### [PROVIDED RECORDS]
[Start of section]

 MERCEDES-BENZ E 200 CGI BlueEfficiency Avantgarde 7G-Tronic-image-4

[End of section]
[Start of section]

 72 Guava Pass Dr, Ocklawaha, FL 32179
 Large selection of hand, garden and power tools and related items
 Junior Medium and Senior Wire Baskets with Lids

[End of section]

### [WORK REQUEST]
As listed above, the lines from the line with "Large selection of" to the line with "Junior Medium and" are to be echoed exactly, with both ends included and nothing added.

### [ANSWER AREA]
 Large selection of hand, garden and power tools and related items
 Junior Medium and Senior Wire Baskets with Lids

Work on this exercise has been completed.